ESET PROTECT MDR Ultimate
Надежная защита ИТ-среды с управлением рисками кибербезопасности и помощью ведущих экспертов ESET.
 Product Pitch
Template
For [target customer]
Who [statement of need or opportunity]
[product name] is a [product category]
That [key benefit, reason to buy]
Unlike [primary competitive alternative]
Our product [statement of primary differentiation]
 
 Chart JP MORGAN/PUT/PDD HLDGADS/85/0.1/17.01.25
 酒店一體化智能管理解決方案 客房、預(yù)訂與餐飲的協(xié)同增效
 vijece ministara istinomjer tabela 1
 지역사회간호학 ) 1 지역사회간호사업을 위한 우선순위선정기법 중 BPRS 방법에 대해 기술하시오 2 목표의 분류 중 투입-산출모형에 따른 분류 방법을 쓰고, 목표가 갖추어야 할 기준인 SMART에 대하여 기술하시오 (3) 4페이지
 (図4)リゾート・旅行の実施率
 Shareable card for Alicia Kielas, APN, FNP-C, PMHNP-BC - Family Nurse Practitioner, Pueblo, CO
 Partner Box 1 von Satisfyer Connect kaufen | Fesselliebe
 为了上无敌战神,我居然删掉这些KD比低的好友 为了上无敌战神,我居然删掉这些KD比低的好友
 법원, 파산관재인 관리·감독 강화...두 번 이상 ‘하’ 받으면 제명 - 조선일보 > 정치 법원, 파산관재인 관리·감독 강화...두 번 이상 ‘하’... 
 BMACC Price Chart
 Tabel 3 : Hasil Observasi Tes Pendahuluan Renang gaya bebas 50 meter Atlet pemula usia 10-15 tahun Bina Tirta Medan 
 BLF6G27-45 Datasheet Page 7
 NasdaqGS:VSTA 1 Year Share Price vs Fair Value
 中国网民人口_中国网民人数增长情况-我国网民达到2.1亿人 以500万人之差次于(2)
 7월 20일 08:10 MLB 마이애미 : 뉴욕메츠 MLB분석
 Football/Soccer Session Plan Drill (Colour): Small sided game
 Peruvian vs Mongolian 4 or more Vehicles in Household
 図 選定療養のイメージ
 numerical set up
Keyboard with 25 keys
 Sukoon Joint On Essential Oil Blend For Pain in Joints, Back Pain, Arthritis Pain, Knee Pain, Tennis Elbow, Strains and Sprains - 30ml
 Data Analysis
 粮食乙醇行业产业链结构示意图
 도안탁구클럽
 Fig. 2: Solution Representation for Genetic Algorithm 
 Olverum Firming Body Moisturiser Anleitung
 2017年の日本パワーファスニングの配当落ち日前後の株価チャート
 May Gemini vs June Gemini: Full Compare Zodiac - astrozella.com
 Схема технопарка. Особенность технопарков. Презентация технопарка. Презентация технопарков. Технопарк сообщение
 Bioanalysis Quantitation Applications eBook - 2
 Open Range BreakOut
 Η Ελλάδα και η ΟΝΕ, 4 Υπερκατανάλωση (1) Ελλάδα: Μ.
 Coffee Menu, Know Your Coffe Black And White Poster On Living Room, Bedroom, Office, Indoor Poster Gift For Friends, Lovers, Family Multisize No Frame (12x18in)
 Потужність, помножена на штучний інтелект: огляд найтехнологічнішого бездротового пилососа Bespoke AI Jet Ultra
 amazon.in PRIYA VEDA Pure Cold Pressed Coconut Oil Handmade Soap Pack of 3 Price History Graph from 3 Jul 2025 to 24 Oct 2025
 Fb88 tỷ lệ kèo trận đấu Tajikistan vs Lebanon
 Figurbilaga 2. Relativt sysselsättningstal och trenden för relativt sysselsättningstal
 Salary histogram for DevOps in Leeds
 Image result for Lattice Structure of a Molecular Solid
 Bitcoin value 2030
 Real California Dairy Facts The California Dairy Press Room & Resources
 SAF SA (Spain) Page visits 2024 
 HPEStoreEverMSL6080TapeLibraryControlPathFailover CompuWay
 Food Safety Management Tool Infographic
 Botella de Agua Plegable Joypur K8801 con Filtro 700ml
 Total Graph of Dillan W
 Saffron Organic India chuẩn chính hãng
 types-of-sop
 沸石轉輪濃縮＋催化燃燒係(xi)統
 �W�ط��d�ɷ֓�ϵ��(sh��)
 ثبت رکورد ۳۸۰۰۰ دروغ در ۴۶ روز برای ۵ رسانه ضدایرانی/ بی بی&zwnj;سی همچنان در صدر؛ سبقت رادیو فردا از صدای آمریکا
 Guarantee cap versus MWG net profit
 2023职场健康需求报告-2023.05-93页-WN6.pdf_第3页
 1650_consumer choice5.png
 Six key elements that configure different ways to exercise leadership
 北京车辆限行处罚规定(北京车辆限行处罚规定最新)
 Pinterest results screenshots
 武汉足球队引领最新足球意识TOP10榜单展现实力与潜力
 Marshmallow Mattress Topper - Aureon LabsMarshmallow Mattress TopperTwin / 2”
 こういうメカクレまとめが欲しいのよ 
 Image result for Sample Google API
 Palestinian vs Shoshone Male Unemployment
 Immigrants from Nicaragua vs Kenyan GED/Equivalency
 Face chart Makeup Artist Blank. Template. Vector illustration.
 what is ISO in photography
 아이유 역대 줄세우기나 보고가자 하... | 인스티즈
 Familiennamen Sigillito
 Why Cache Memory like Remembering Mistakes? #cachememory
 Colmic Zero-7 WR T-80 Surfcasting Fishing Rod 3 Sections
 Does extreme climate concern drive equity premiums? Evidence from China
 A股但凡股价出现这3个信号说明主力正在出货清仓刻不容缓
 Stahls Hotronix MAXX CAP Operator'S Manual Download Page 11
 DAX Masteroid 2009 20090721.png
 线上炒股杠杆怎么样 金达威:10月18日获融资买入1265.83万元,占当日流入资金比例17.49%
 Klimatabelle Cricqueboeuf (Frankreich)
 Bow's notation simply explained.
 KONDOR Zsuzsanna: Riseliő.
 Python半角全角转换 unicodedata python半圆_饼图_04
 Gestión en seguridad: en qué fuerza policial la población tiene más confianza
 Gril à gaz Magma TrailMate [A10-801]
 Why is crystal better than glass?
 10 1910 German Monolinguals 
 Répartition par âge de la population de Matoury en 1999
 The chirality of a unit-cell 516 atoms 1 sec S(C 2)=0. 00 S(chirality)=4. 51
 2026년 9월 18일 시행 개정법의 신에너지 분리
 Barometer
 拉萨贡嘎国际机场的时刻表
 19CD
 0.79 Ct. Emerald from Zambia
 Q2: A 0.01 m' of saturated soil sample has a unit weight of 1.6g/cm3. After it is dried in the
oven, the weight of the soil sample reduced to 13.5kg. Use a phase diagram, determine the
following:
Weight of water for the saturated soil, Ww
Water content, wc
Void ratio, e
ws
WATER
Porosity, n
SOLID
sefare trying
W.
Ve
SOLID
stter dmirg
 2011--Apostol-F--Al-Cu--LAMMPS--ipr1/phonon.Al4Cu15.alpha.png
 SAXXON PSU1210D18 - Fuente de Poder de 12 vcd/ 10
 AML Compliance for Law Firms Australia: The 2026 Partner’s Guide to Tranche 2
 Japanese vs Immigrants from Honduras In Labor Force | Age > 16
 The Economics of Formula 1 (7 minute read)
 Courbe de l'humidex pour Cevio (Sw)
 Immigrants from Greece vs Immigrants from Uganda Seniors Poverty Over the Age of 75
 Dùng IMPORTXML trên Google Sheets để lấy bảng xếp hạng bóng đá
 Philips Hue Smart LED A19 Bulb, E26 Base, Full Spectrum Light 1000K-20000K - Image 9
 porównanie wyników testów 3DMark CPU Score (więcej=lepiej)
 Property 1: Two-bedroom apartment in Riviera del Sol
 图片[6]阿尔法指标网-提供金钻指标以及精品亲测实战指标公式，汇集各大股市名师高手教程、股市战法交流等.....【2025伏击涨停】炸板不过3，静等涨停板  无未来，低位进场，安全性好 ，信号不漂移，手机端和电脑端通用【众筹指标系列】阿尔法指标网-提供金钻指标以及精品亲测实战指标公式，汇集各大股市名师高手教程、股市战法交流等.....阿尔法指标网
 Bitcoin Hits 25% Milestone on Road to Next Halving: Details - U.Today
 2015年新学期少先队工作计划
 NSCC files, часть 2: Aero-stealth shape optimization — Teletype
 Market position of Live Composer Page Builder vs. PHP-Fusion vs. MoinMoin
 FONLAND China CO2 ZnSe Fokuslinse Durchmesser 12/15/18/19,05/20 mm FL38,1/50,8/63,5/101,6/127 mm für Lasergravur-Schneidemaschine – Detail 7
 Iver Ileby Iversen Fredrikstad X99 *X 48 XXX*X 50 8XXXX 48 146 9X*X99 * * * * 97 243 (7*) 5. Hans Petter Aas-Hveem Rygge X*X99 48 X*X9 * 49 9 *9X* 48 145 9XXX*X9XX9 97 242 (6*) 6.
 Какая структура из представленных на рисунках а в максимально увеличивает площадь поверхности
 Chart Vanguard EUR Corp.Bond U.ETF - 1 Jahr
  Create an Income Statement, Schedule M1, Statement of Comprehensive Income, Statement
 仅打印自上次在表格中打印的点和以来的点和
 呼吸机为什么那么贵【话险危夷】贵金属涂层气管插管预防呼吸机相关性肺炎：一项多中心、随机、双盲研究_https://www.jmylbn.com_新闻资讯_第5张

» Your task: Only the lines above from the one with "Courbe de l'humidex pour Cevio (Sw)" through the one with "Market position of" should be duplicated, character for character.

» Result of this task:
 Courbe de l'humidex pour Cevio (Sw)
 Immigrants from Greece vs Immigrants from Uganda Seniors Poverty Over the Age of 75
 Dùng IMPORTXML trên Google Sheets để lấy bảng xếp hạng bóng đá
 Philips Hue Smart LED A19 Bulb, E26 Base, Full Spectrum Light 1000K-20000K - Image 9
 porównanie wyników testów 3DMark CPU Score (więcej=lepiej)
 Property 1: Two-bedroom apartment in Riviera del Sol
 图片[6]阿尔法指标网-提供金钻指标以及精品亲测实战指标公式，汇集各大股市名师高手教程、股市战法交流等.....【2025伏击涨停】炸板不过3，静等涨停板  无未来，低位进场，安全性好 ，信号不漂移，手机端和电脑端通用【众筹指标系列】阿尔法指标网-提供金钻指标以及精品亲测实战指标公式，汇集各大股市名师高手教程、股市战法交流等.....阿尔法指标网
 Bitcoin Hits 25% Milestone on Road to Next Halving: Details - U.Today
 2015年新学期少先队工作计划
 NSCC files, часть 2: Aero-stealth shape optimization — Teletype
 Market position of Live Composer Page Builder vs. PHP-Fusion vs. MoinMoin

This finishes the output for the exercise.